Oddly enough, the World Championship is the tournament I've felt the most prepared for in a very long time, and it's still a week away.
That said, while I'm happy with my preparation, my play has been lackluster as of late, so that's mainly what I'm worried about at this point. If I do poorly, that will almost certainly be the result of it.
Anyway, I was in Denver for a week staying at Josh Utter-Leyton's (aka Wrapter's) place along with Martin Juza and Sam Black. Between the four of us, we're probably the best-rounded group working together for the World Championship, so I like our chances, even if I don't necessarily think I'll do particularly well.
We started by drafting a ton while waiting for the Magic Online bots to stock up on Standard singles, but soon I was hopping in the Standard Leagues. My process is now more refined, and it goes something like this:
1) Identify what the best/most powerful strategies are and why.
2) Identify things that have promise, i.e. the brews.
3) Test brews.
4) Test the good decks.
5) Refine all the decks.
6) Test brews.
7) Identify potential decks I would consider playing and hyper-focus on those decks. Creating sideboard strategies is a huge part of this step because having a great sideboard will yield better results than simply having a good deck.
8) Double-check my work.
9) Pick a deck, test, and tune it.
Phew. I honestly got exhausted just typing out that list and thinking about everything I've done so far.
Generally the process ends with Step 9 occurring right before the Pro Tour (or in this case, the World Championship). Instead, I'm kinda there already, which absolutely never happens.
The point of the whole testing process isn't to pick a deck and learn it. For a big tournament, that's dangerous because you might spend a bunch of time refining a deck at the beginning that ends up not being well-positioned in the metagame. Results are coming in from Magic Online and the SCG Tour® and what you thought might be a good pick for the metagame ends up being a good choice for two weeks ago.
Things move rapidly, especially post-rotation when people have a ton of new information they need to figure out. In most cases, rotation tends to make a new format entirely. That's not really the case here, since Ixalan is a relatively tame set and decks like Temur Energy and Ramunap Red are powerhouses that didn't lose any important pieces.
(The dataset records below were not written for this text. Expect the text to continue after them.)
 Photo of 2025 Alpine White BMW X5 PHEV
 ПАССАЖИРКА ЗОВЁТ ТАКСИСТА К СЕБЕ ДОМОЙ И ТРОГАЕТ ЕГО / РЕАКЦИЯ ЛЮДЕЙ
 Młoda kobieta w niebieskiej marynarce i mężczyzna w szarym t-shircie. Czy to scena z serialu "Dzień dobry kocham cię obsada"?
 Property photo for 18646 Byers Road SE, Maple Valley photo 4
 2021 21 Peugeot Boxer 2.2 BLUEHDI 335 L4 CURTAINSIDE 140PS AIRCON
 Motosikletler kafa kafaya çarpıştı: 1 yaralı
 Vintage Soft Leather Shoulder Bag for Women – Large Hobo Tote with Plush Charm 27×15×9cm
This metagame is moving slowly and will probably continue to do so, only because there's not much you can do; Energy and Ramunap Red are that good.
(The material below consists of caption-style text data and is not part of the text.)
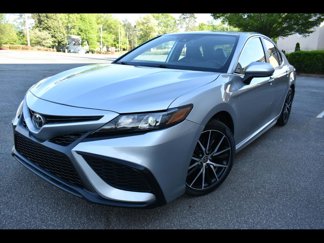 Used 2021 Toyota Camry SE image 1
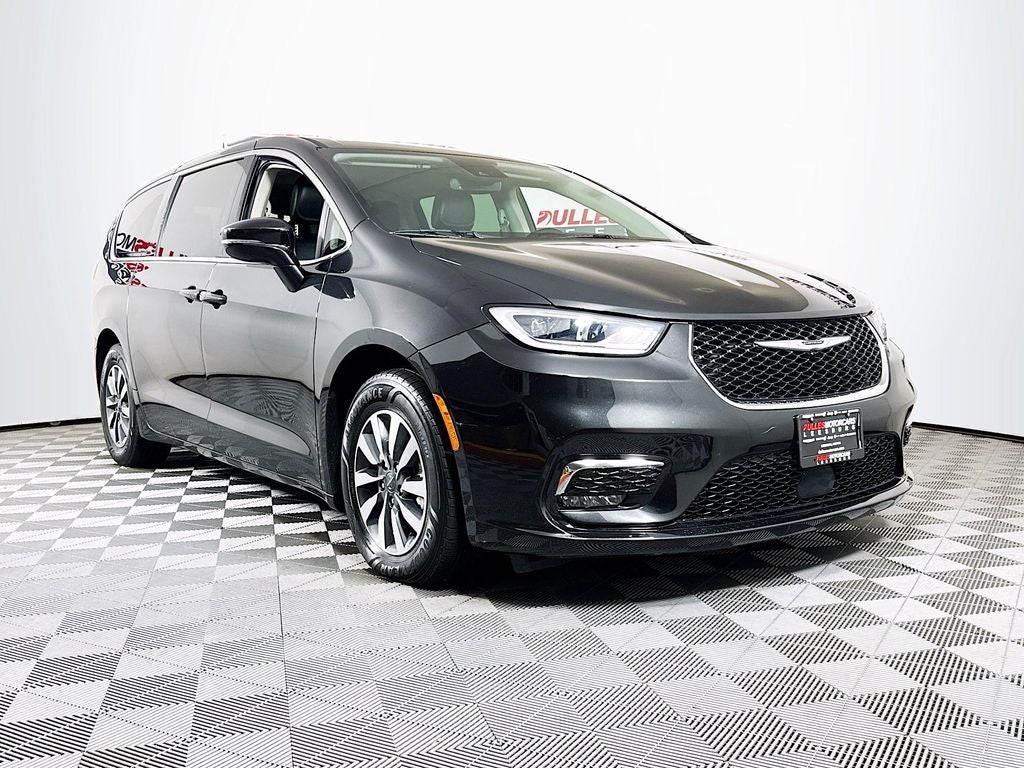 2022 Chrysler Pacifica Hybrid Touring L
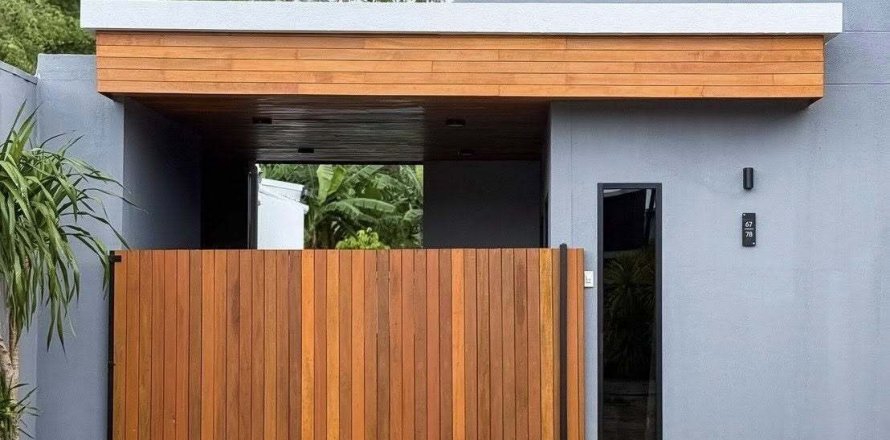 House in Phuket, Thailand 3 bedrooms № 156885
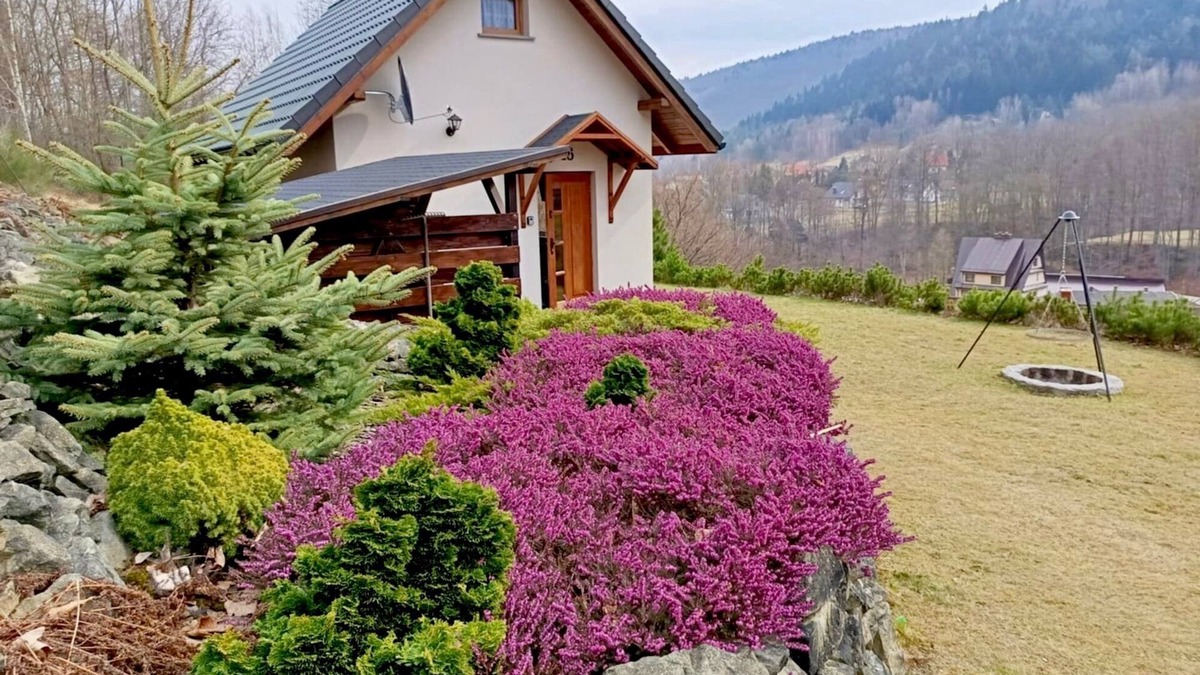 Czernichow Cottage | Charming 1-bedroom cottage in amazing Międzybrodzie Bialskie with beautiful view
Still, we've seen some small shifts with Winding Constrictor returning to form, and that will likely cause some shake-ups on its own. At the World Championship, I wouldn't be surprised if some control deck that Shouta Yasooka or Eric Froehlich comes up with ends up being a big player.
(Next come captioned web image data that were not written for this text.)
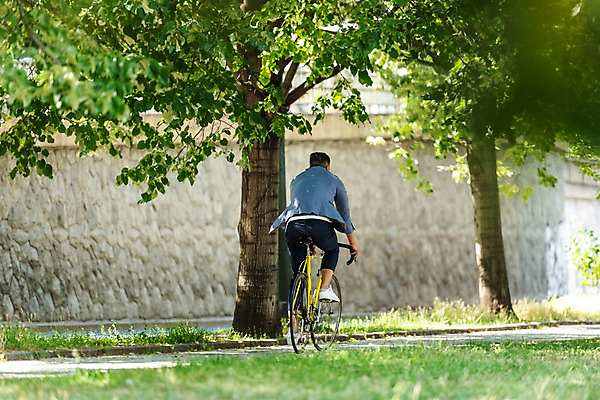 포토 JPG 주간 전신 서양인 나무 남자 한명 사람 잔디 20대 성인 야외 뒷모습 담장 자전거 산책로 보행로 승차 프라하 성인남자한명만 국내포토 자연요소 외국인 식물 1 길 뷰포인트 모션 청년 바이크 체코 남자한명만 성인남자만 파일형식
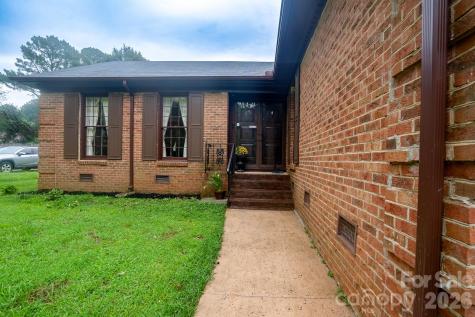 5742 Faulconbridge Road Charlotte NC 28227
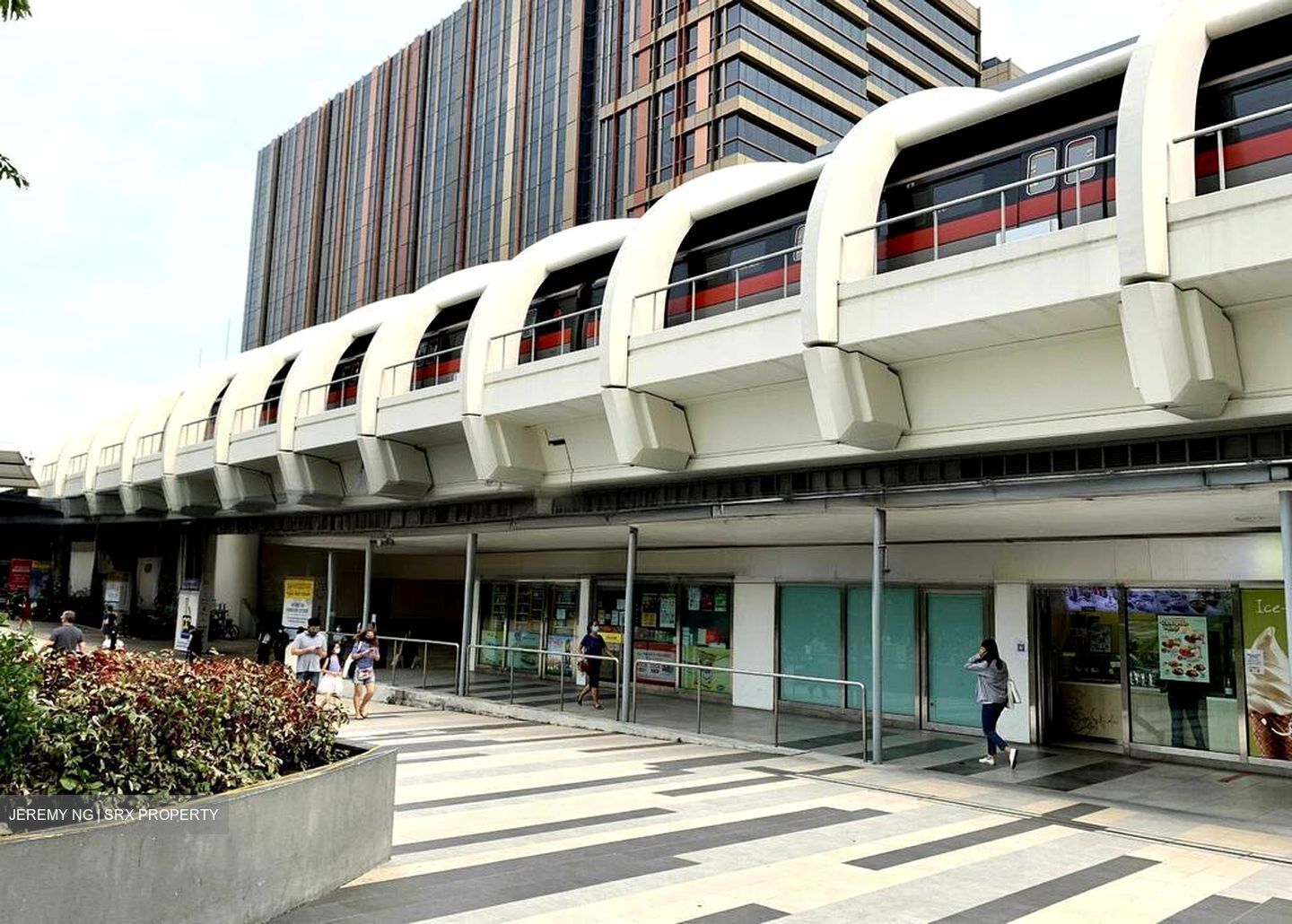 Singapore Post Centre (D14), Retail #570037331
The issues with my processes have been numerous, and slowly but surely I'm cutting out my bad habits. What ultimately matters is what is true, not what I wish were true. We have to be willing to kill our darlings and constantly be challenging our own beliefs, especially when presented with new information.
This process led me to B/U Reanimator, although I may not play it. Part of it has to do with the anxiety from playing a "new" deck at the biggest tournament against the best players, not necessarily because the deck might not be good (it is), but because I could entirely misread the metagame.
Sam Black, in trying to justify him playing a "Sam" deck, asked me where I thought I would get my edge in this tournament. It's a fair question, and while part of my edge comes from Limited, the bigger part comes from having better plans than my opponents, and this deck has that.
For that reason, I won't be posting any sideboarding guides at this time, but those can come later (maybe in the comments section after the World Championship is over). I could conceivably see myself playing the deck, regardless of whatever concerns I have.
The main reason I wouldn't play it is because my mini-team thinks they have something better, and I mostly agree with them.